Tumor Epigenetics Unit, IRCCS Ospedale Policlinico San Martino, Largo Rosanna Benzi, 10, 16132, Genoa, Italy.
Clinical Epidemiology Unit, IRCCS Ospedale Policlinico San Martino, Genoa, Italy.
J Cancer Res Clin Oncol. 2021 Feb;147(2):459-468. doi: 10.1007/s00432-020-03457-7. Epub 2020 Nov 20.
Programmed death-ligand 1 (PD-L1) protein plays a central role in the antitumor immune response, and appears to be a predictor of prognosis and efficacy for PD-L1 and programmed death 1 (PD-1) blockade therapy. The immunoregulatory role and prognostic impact of PD-L1 soluble form (sPD-L1) have been investigated in biological fluids of patients with different tumors. In malignant pleural mesothelioma (MPM), circulating sPD-L1 has been recently reported in patients' sera, but no data are available in pleural effusions (PE). In our study, we evaluated the baseline expression levels of sPD-L1 in PE from 84 MPM patients and correlated them with PD-L1-status in matched tumors and patients' overall survival (OS).
sPD-L1 in PE was determined by ELISA and tumor PD-L1 by immunohistochemistry. Association of sPD-L1 with OS was estimated using the Cox regression model.

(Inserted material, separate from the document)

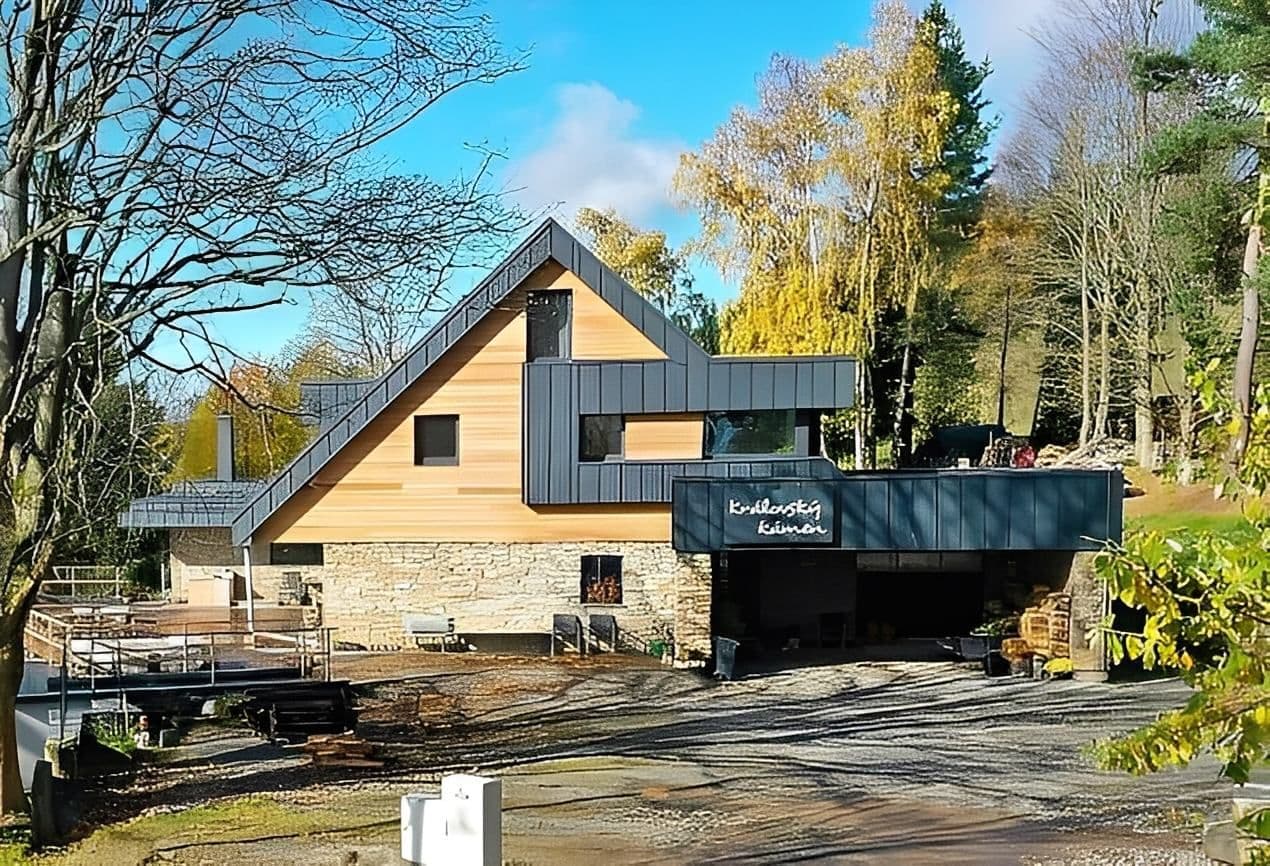 recreational property to rent, 0 m², Nicov, Jihočeský Region recreational property to rent, 0 m², Nicov, Jihočeský Region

We observed that sPD-L1 was variably expressed in all the PE and tended to be higher (by 30%) in patients with PD-L1-positive tumors (cut-off ≥ 1% stained cells) as compared to patients with PD-L1-negative tumors (geometric mean ratio = 1.28, P value = 0.288). sPD-L1 levels were significantly higher than those of sPD-1 (P value = 0.001) regardless of the MPM histotypes and they were positively correlated (r = 0.50, P value < 0.001). Moreover, high PE sPD-L1 concentrations were associated with a trend towards increased OS (hazard ratio 0.79, 95% CL 0.62-1.01, P value = 0.062).
Our study documents the presence of sPD-L1 in PE of MPM patients, and suggests its possible biological and prognostic role in MPM.
程序性死亡配体 1(PD-L1)蛋白在抗肿瘤免疫反应中发挥核心作用,并且似乎是 PD-L1 和程序性死亡 1(PD-1)阻断治疗的预后和疗效的预测因子。PD-L1 可溶性形式(sPD-L1)在不同肿瘤患者的生物体液中的免疫调节作用和预后影响已经得到了研究。在恶性胸膜间皮瘤(MPM)中,最近在患者的血清中报道了循环 sPD-L1,但在胸腔积液(PE)中尚无数据。在我们的研究中,我们评估了 84 名 MPM 患者的 PE 中 sPD-L1 的基线表达水平,并将其与匹配肿瘤和患者的总体生存(OS)相关联。
通过 ELISA 测定 PE 中的 sPD-L1,通过免疫组织化学测定肿瘤 PD-L1。使用 Cox 回归模型估计 sPD-L1 与 OS 的相关性。
我们观察到 sPD-L1 在所有 PE 中均有不同程度的表达,并且在 PD-L1 阳性肿瘤(截止值≥1%染色细胞)的患者中倾向于更高(高 30%),而在 PD-L1 阴性肿瘤的患者中则更低(几何平均比= 1.28,P 值= 0.288)。sPD-L1 水平明显高于 sPD-1(P 值= 0.001),与 MPM 组织类型无关,并且呈正相关(r = 0.50,P 值<0.001)。此外,PE 中高 sPD-L1 浓度与 OS 增加的趋势相关(危险比 0.79,95%CL 0.62-1.01,P 值= 0.062)。
我们的研究记录了 MPM 患者的 PE 中存在 sPD-L1,并提示其在 MPM 中可能具有生物学和预后作用。